• [Work item] An exact copy of the listing below is the answer, with the pictures removed.
[[ Entries supplied open ]]
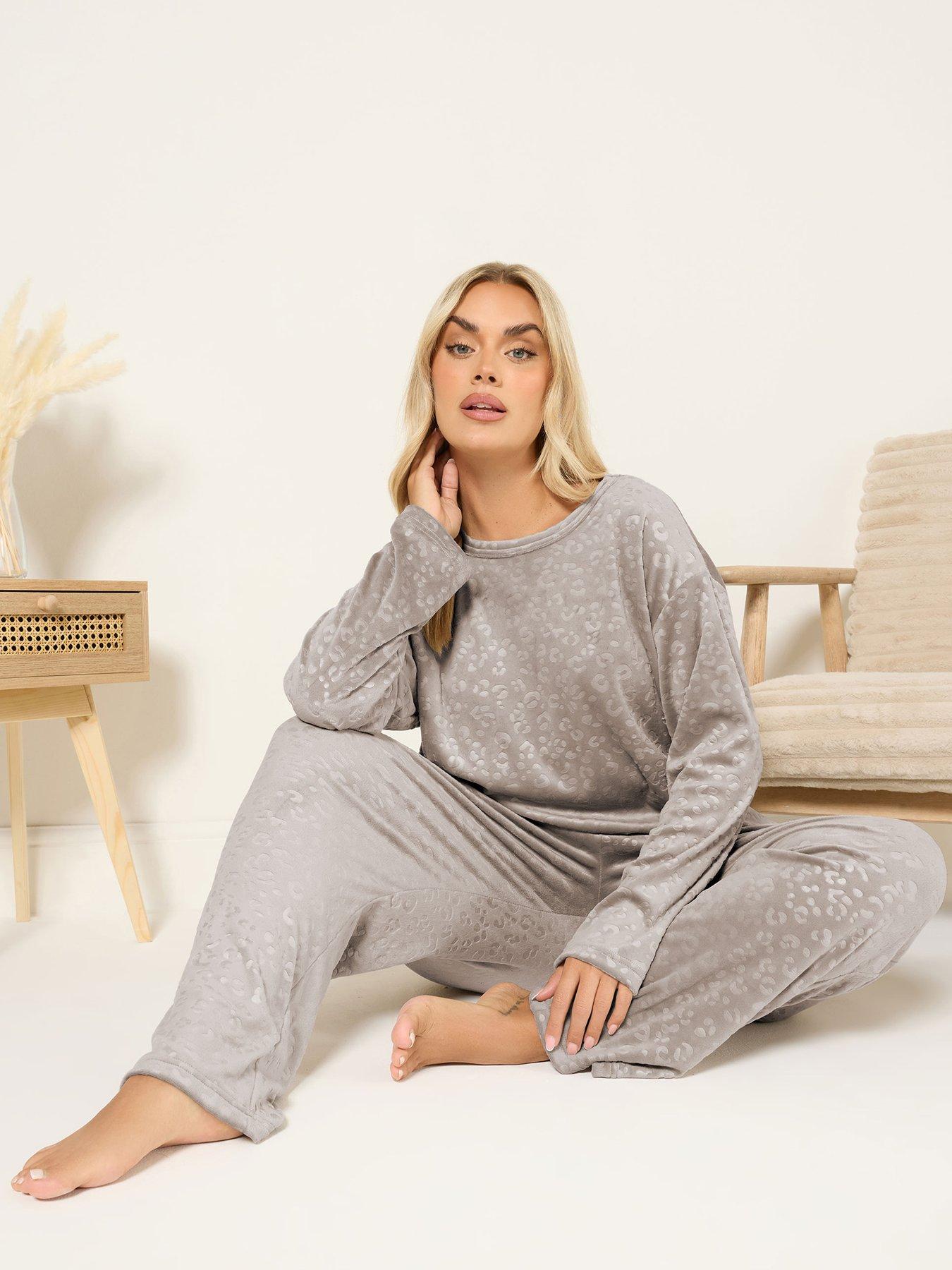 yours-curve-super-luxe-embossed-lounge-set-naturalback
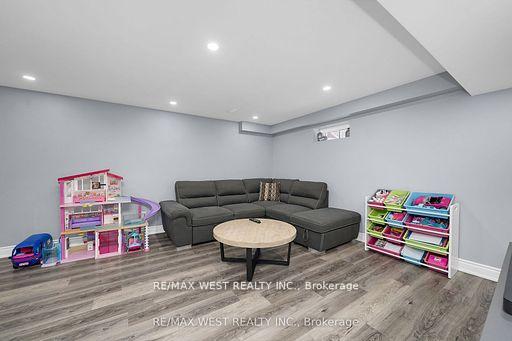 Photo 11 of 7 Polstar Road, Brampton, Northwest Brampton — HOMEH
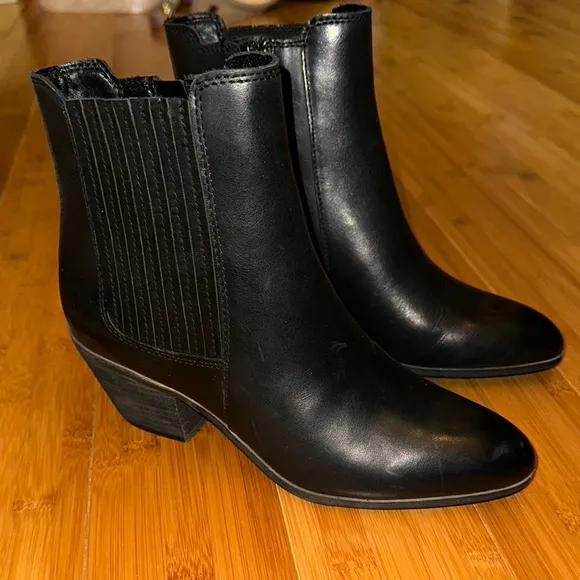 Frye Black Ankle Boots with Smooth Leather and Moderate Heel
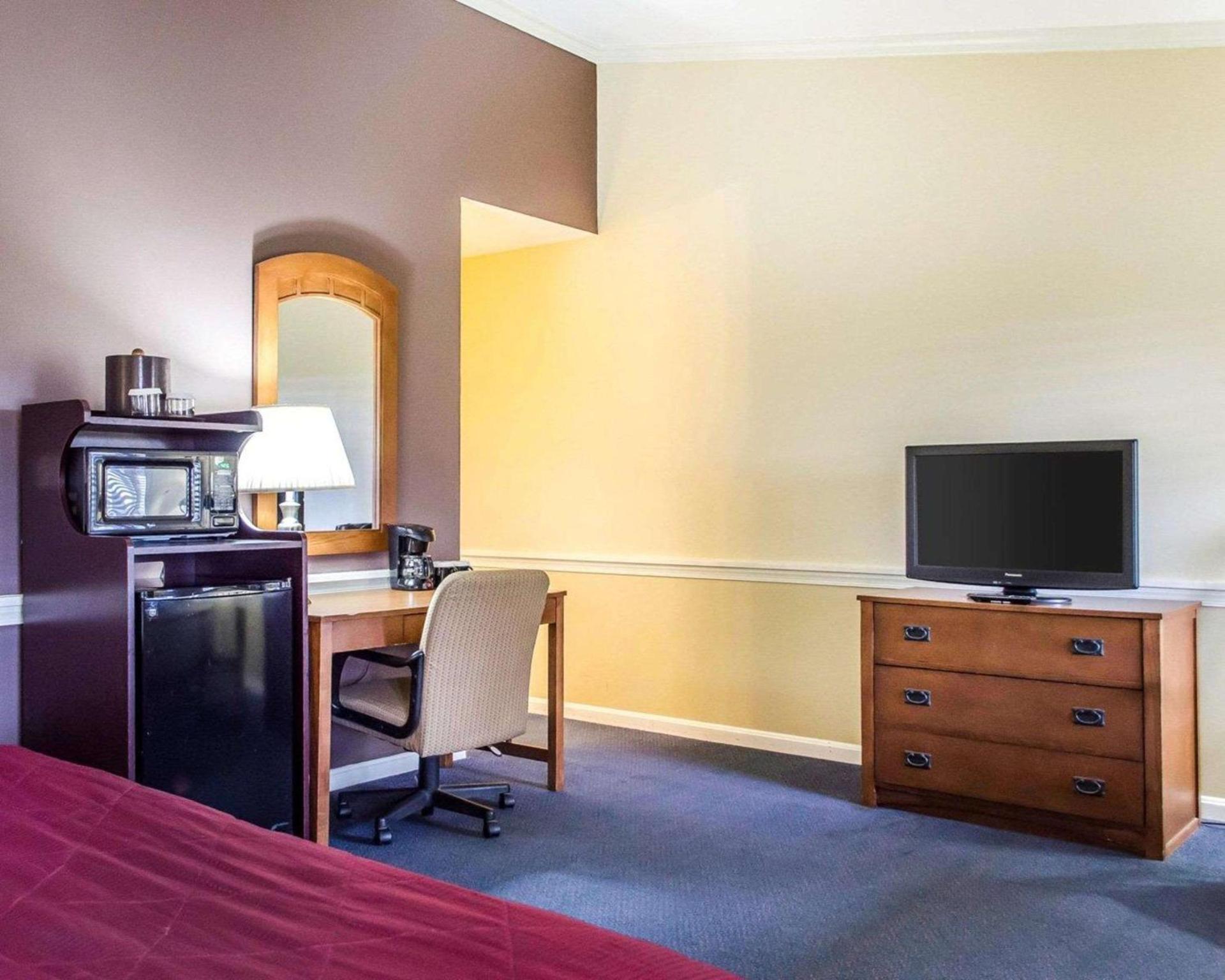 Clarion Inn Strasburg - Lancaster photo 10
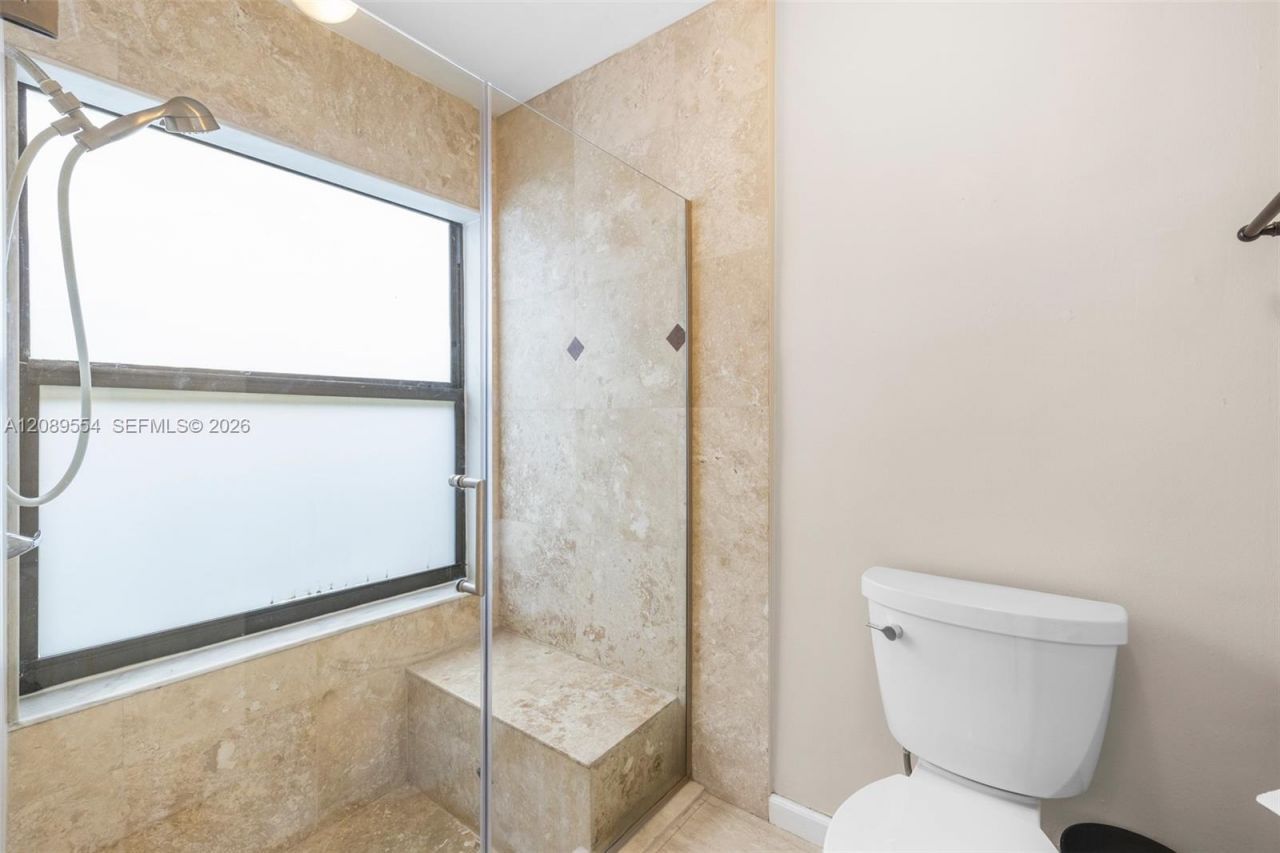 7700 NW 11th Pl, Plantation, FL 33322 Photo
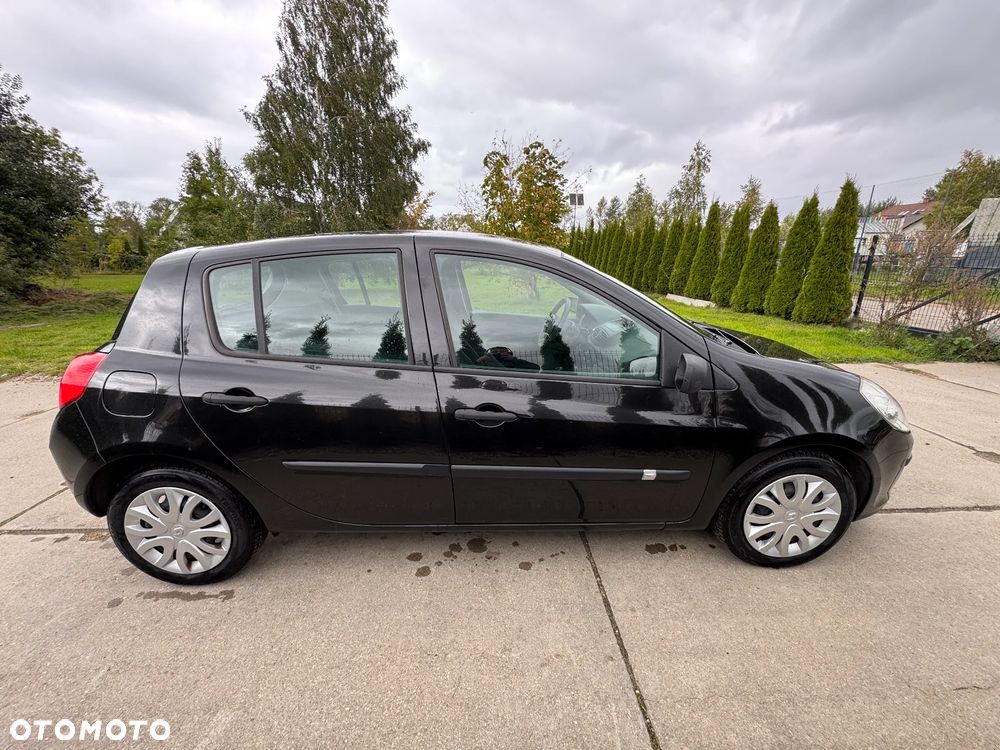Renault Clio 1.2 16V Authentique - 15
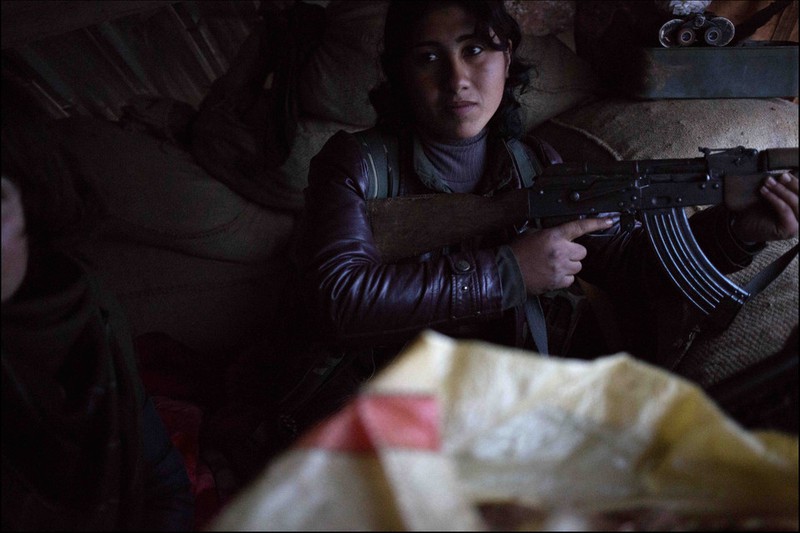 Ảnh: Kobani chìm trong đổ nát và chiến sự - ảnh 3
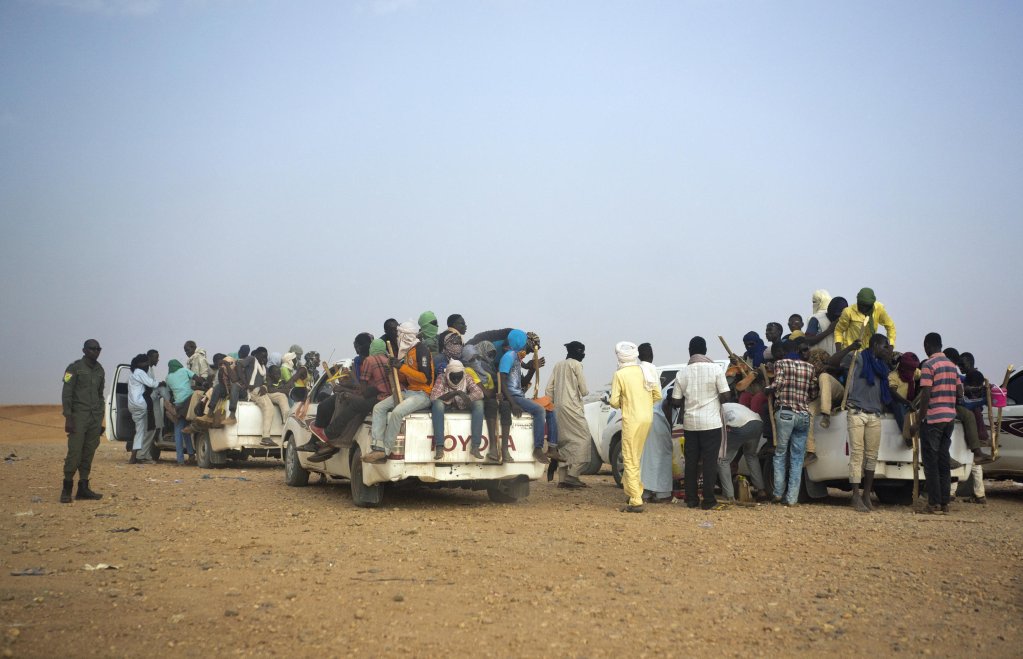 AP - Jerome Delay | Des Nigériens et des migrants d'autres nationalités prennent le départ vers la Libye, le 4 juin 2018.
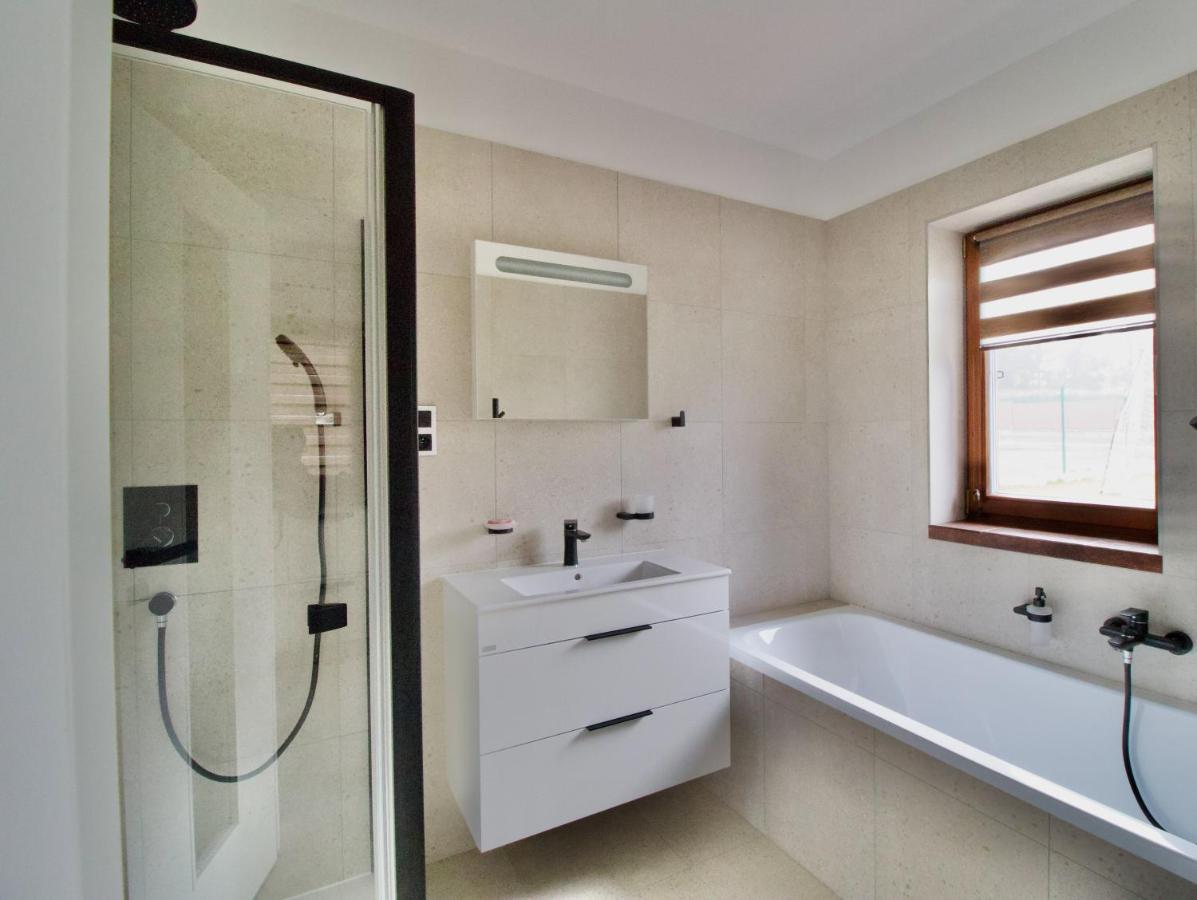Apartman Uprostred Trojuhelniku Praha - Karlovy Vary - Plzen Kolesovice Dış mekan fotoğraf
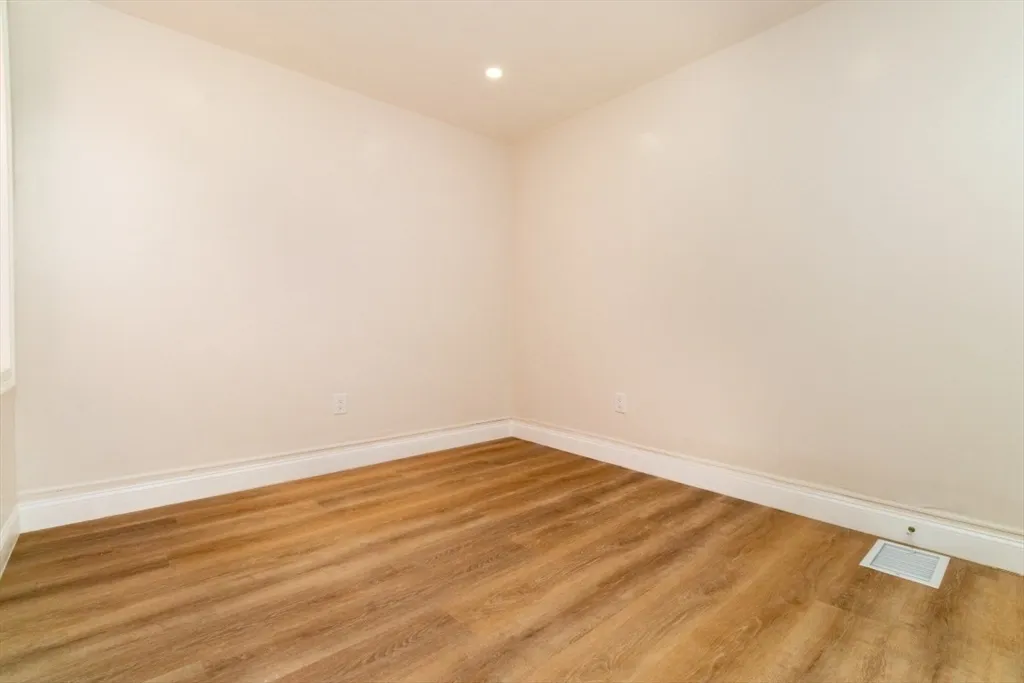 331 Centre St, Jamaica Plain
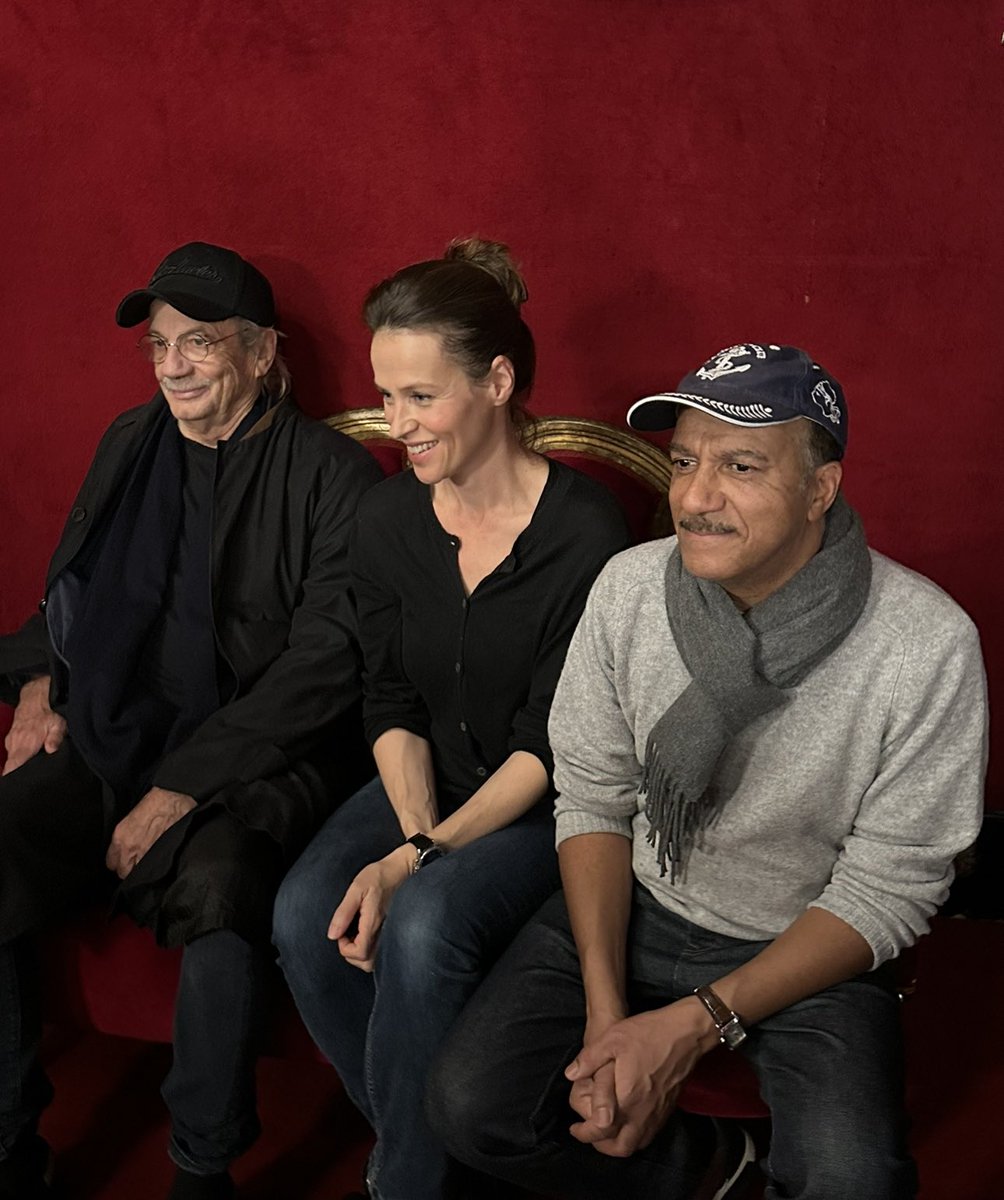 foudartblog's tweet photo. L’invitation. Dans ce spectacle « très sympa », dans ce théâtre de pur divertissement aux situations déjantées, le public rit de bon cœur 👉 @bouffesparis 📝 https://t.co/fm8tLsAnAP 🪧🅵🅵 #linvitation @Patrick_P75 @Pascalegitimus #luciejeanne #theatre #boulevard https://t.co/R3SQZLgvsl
[[ Entries supplied closed ]]
• [Solved exercise]
 yours-curve-super-luxe-embossed-lounge-set-naturalback
 Photo 11 of 7 Polstar Road, Brampton, Northwest Brampton — HOMEH
 Frye Black Ankle Boots with Smooth Leather and Moderate Heel
 Clarion Inn Strasburg - Lancaster photo 10
 7700 NW 11th Pl, Plantation, FL 33322 Photo
Renault Clio 1.2 16V Authentique - 15
 Ảnh: Kobani chìm trong đổ nát và chiến sự - ảnh 3
 AP - Jerome Delay | Des Nigériens et des migrants d'autres nationalités prennent le départ vers la Libye, le 4 juin 2018.
Apartman Uprostred Trojuhelniku Praha - Karlovy Vary - Plzen Kolesovice Dış mekan fotoğraf
 331 Centre St, Jamaica Plain
 foudartblog's tweet photo. L’invitation. Dans ce spectacle « très sympa », dans ce théâtre de pur divertissement aux situations déjantées, le public rit de bon cœur 👉 @bouffesparis 📝 https://t.co/fm8tLsAnAP 🪧🅵🅵 #linvitation @Patrick_P75 @Pascalegitimus #luciejeanne #theatre #boulevard https://t.co/R3SQZLgvsl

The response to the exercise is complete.